Records for processing

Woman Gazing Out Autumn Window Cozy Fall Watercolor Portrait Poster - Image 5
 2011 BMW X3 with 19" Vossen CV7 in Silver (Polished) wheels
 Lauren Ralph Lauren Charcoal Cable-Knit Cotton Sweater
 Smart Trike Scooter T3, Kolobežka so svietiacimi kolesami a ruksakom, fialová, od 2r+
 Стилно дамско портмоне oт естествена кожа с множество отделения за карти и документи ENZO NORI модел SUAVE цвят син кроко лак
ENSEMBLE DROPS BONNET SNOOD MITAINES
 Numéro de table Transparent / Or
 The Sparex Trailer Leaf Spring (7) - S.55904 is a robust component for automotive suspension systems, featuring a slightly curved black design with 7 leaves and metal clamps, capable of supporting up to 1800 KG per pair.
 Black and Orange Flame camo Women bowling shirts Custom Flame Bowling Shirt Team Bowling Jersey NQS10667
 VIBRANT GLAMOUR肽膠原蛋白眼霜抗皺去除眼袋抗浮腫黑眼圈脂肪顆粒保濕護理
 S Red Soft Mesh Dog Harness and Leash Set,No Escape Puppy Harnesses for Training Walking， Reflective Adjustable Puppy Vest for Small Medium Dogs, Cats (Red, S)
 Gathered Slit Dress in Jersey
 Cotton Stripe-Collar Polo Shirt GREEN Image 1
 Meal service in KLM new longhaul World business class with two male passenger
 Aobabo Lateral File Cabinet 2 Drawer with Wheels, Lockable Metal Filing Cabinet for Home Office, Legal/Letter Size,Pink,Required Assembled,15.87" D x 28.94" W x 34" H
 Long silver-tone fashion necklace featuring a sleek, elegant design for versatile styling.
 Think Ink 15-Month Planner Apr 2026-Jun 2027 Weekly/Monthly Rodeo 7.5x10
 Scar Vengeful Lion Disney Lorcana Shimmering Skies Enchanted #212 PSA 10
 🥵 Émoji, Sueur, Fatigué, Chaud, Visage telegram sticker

What the task requires
Retype the records above, but only those lines that fall between the line containing "Aobabo Lateral File" and the line containing "Long silver-tone fashion", with both of those lines included, exactly as written.

Task solution
 Aobabo Lateral File Cabinet 2 Drawer with Wheels, Lockable Metal Filing Cabinet for Home Office, Legal/Letter Size,Pink,Required Assembled,15.87" D x 28.94" W x 34" H
 Long silver-tone fashion necklace featuring a sleek, elegant design for versatile styling.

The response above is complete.